Data excerpts:
* * *

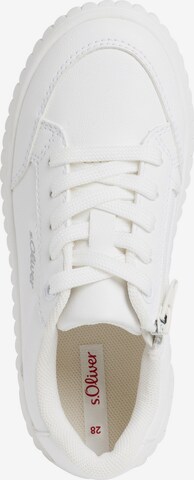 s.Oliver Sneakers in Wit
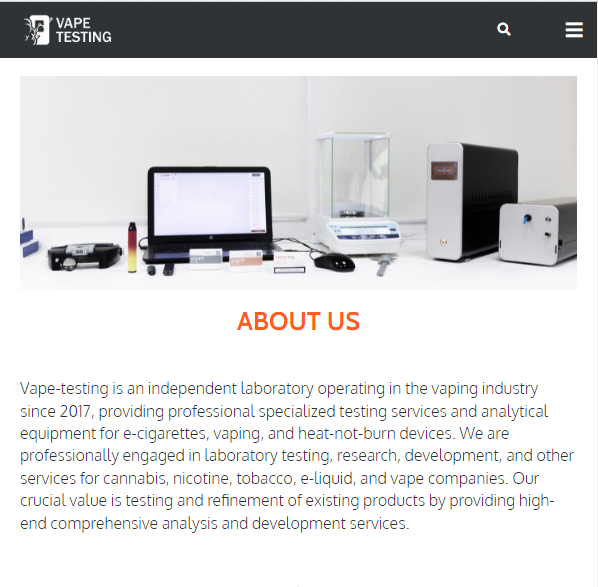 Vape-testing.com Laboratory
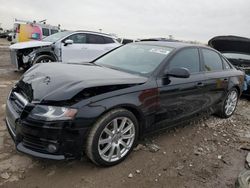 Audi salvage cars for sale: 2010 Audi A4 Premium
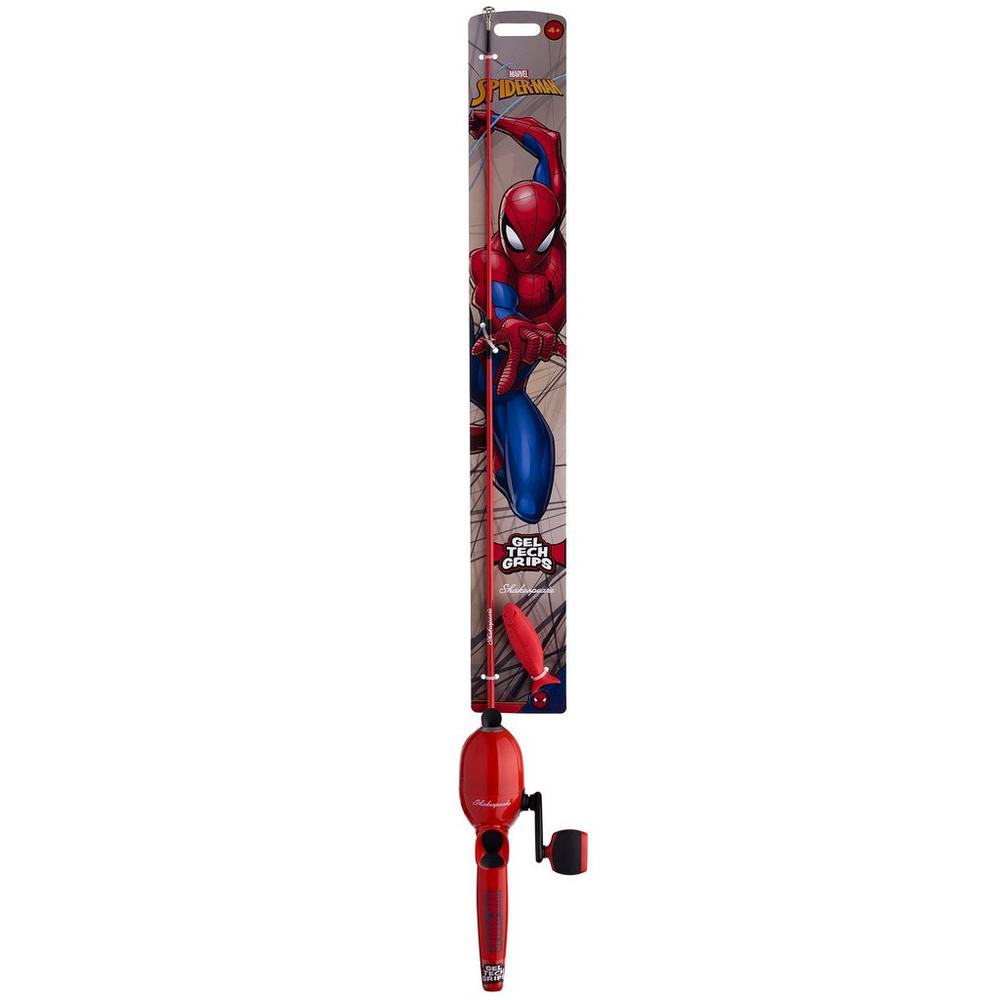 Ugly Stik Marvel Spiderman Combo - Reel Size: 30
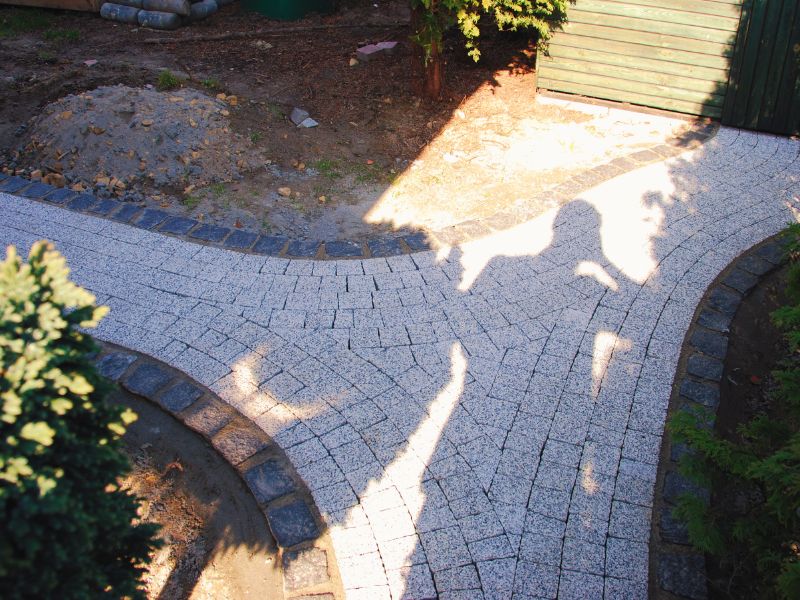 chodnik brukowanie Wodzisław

* * *

● TASK REQUIREMENTS:
Write every entry out again exactly, dropping the pictures.

● ANSWER SPACE:
 s.Oliver Sneakers in Wit
 Vape-testing.com Laboratory
 Audi salvage cars for sale: 2010 Audi A4 Premium
 Ugly Stik Marvel Spiderman Combo - Reel Size: 30
 chodnik brukowanie Wodzisław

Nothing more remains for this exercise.